Exercise instructions —
Your task is to copy all of the entries exactly as they are given.

+++

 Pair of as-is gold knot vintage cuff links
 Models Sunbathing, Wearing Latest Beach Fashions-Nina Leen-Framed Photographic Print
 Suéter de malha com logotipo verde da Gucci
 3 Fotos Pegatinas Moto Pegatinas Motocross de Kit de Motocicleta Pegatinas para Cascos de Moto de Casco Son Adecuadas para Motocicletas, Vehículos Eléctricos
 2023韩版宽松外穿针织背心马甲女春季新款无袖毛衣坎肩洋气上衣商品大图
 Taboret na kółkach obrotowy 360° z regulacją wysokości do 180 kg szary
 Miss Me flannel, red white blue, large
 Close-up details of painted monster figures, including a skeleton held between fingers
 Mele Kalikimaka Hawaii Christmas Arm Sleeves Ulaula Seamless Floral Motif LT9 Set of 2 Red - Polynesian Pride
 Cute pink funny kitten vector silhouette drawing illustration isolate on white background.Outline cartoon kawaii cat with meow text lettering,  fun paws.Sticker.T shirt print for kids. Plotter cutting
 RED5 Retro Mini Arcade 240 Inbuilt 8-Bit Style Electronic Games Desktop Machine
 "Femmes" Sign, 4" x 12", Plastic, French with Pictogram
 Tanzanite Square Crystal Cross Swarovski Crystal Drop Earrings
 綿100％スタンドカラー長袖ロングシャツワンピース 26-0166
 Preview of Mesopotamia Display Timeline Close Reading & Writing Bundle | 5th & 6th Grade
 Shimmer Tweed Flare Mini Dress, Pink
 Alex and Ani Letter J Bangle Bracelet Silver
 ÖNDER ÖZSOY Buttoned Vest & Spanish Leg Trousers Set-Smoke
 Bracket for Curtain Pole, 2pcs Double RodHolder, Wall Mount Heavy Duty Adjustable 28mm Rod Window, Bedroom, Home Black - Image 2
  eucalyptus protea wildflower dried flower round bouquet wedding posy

+++

Task result —
 Pair of as-is gold knot vintage cuff links
 Models Sunbathing, Wearing Latest Beach Fashions-Nina Leen-Framed Photographic Print
 Suéter de malha com logotipo verde da Gucci
 3 Fotos Pegatinas Moto Pegatinas Motocross de Kit de Motocicleta Pegatinas para Cascos de Moto de Casco Son Adecuadas para Motocicletas, Vehículos Eléctricos
 2023韩版宽松外穿针织背心马甲女春季新款无袖毛衣坎肩洋气上衣商品大图
 Taboret na kółkach obrotowy 360° z regulacją wysokości do 180 kg szary
 Miss Me flannel, red white blue, large
 Close-up details of painted monster figures, including a skeleton held between fingers
 Mele Kalikimaka Hawaii Christmas Arm Sleeves Ulaula Seamless Floral Motif LT9 Set of 2 Red - Polynesian Pride
 Cute pink funny kitten vector silhouette drawing illustration isolate on white background.Outline cartoon kawaii cat with meow text lettering,  fun paws.Sticker.T shirt print for kids. Plotter cutting
 RED5 Retro Mini Arcade 240 Inbuilt 8-Bit Style Electronic Games Desktop Machine
 "Femmes" Sign, 4" x 12", Plastic, French with Pictogram
 Tanzanite Square Crystal Cross Swarovski Crystal Drop Earrings
 綿100％スタンドカラー長袖ロングシャツワンピース 26-0166
 Preview of Mesopotamia Display Timeline Close Reading & Writing Bundle | 5th & 6th Grade
 Shimmer Tweed Flare Mini Dress, Pink
 Alex and Ani Letter J Bangle Bracelet Silver
 ÖNDER ÖZSOY Buttoned Vest & Spanish Leg Trousers Set-Smoke
 Bracket for Curtain Pole, 2pcs Double RodHolder, Wall Mount Heavy Duty Adjustable 28mm Rod Window, Bedroom, Home Black - Image 2
  eucalyptus protea wildflower dried flower round bouquet wedding posy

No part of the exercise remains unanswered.